Im Dezember 2024 kündete Regina Bachman im Zürcher Kreis 5 rund einem Drittel der Bewohnerinnen und Bewohner der sogenannten Sugus-Häuser. watson machte den Fall publik. Betroffen waren rund 105 Mietparteien: Familien, Rentnerinnen, Alleinstehende – sie alle sollten ihre Wohnungen räumen, um Platz für teure Business-Apartments zu schaffen.
Doch das Vorhaben stiess auf viel Widerstand. In vier Fällen hat die Schlichtungsbehörde Zürich die Kündigungen inzwischen als «missbräuchlich» beurteilt. Eine Einigung steht noch aus, wie der Zürcher Mieterverband mitteilt.
Davon unbeeindruckt scheint Bachmann dennoch an ihrem Kurs festzuhalten: Auf Plattformen wie Airbnb sind nun erste Wohnungen der bekannten Siedlung zur temporären Vermietung ausgeschrieben – zu einem Vielfachen der bisherigen Mieten, wie die Republik berichtet.
Eine «Design-Oase» – so wird eine 4.5-Zimmer-Sugus-Wohnung auf Airbnb angepriesen. Kostenpunkt? Ganze 8451 Franken pro Monat (Stichtag vom 15. August) bei einer Belegung mit zwei Personen.
Falls die Wohnung jedoch für sechs Personen gebucht wird, verlangt der «Gastgeber», dahinter steckt die Firma Residence Services GmbH, ganze 13'794 Franken. Dies aufgrund der dynamischen Preise von Airbnb. In diesem Fall gilt: Je mehr Personen buchen, desto teurer der Gesamtbetrag.
Dass es sich dabei um eine Wohnung in der Sugus-Siedlung handelt, wird von der Residence Services GmbH nicht verheimlicht. Im Hintergrund auf den Fotos des Inserates ist immer wieder die farbige Fassade zu erkennen.
«Willkommen in deiner grosszügigen Designwohnung im angesagten Zürcher Trendquartier!» – so wird für die Sugus-Wohnung im Inserat geworben. Die Zielgruppe wird im Übrigen klar definiert. Die Wohnung sei «ideal für Familien, Freundesgruppen oder Business-Teams – ruhig, stilvoll & zentral gelegen».
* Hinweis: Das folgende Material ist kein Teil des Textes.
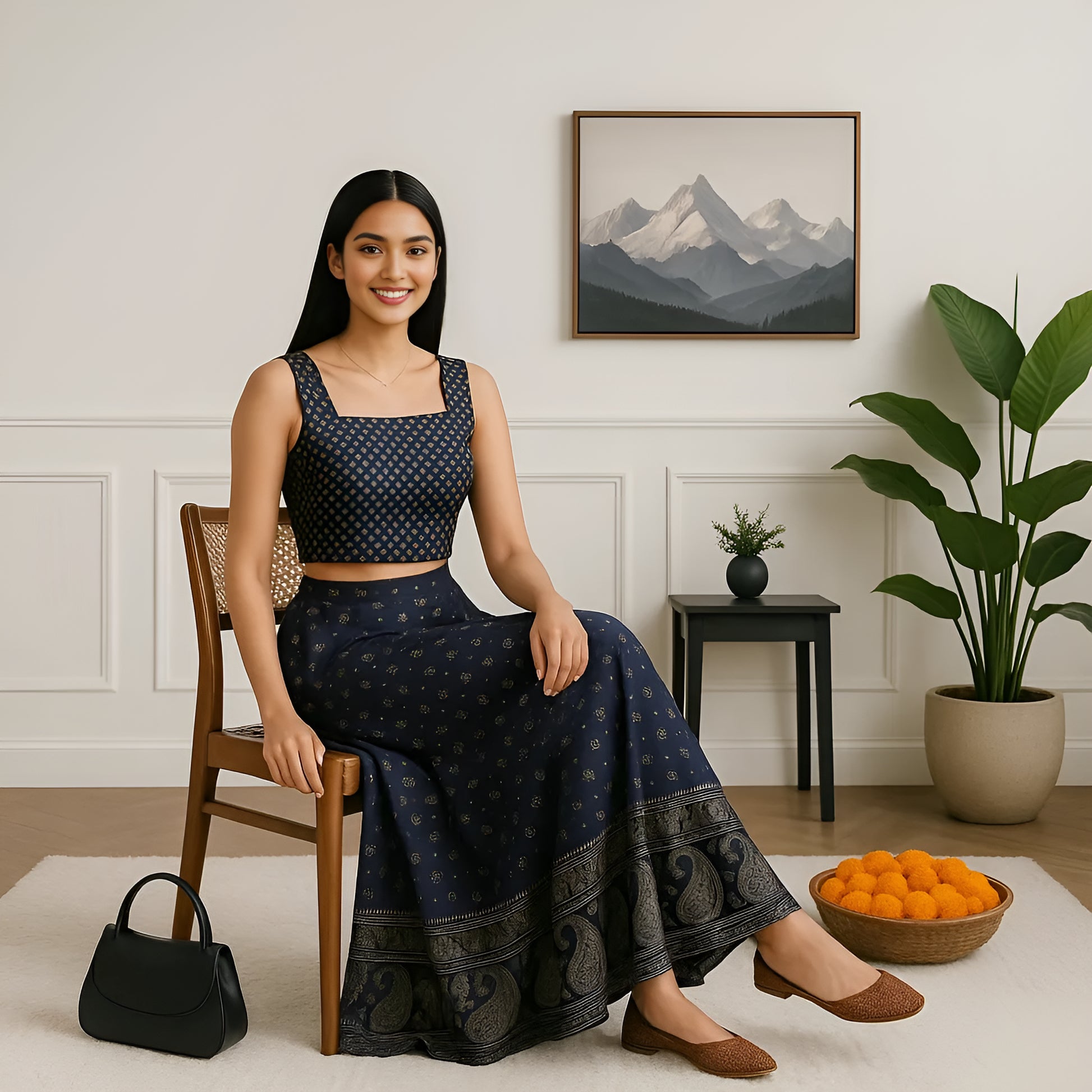 Cotton Printed Crop Top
Laut der Republik lag der Monatsmietspreis vor der Veröffentlichung auf Airbnb bei rund 1900 Franken. Damit hat sich der Preis für die Unterkunft versiebenfacht, wenn das Apartment für sechs Personen gebucht wird. Vermietet wird die Wohnung von der Küsnachter Firma Residence Services GmbH, einem Anbieter mit mehreren Airbnb-Objekten in Zürich. Auf dem Profil des Unternehmens sind mindestens drei weitere Wohnungen aus den Sugus-Häusern gelistet.
In den vergangenen zwei Wochen haben Mieter und Mieterinnen beobachtet, wie Möbel in die inzwischen leerstehenden Wohnungen geliefert wurden. Gleichzeitig tauchten erste Inserate auf Airbnb auf. Zudem wurden Überwachungskameras installiert, und es wurde angekündigt, dass Zugangssysteme mit Codeeingabe eingerichtet werden sollen, so die «Republik».
Wie viele Wohnungen insgesamt zur Weitervermietung angeboten werden, ist derzeit unklar. Ein langjähriger Mieter der Sugus-Siedlung, der seit zehn Jahren dort wohnt, schätzt, dass bisher zwischen 12 und 15 Wohnungen möbliert inseriert wurden.
Einige dieser Wohnungen seien ausserdem auf dem Immobilienportal Immoscout24 gelistet gewesen. «Die Immoscout-Inserate waren mit KI-Bildern versehen und hatten keine Adressangaben», berichtet der Mieter. «Aufgrund der Beschreibungen ist aber klar, dass es sich um die Sugus-Wohnungen handelt.»
Mehrere Bewohnerinnen der Sugus-Häuser hätten die Inserate mit den gefälschten Bildern daraufhin beim Portal gemeldet, woraufhin diese entfernt wurden. Hinter den Immoscout-Anzeigen steht ein anderes Unternehmen: die Zwischennutzungsfirma Novac Solutions GmbH.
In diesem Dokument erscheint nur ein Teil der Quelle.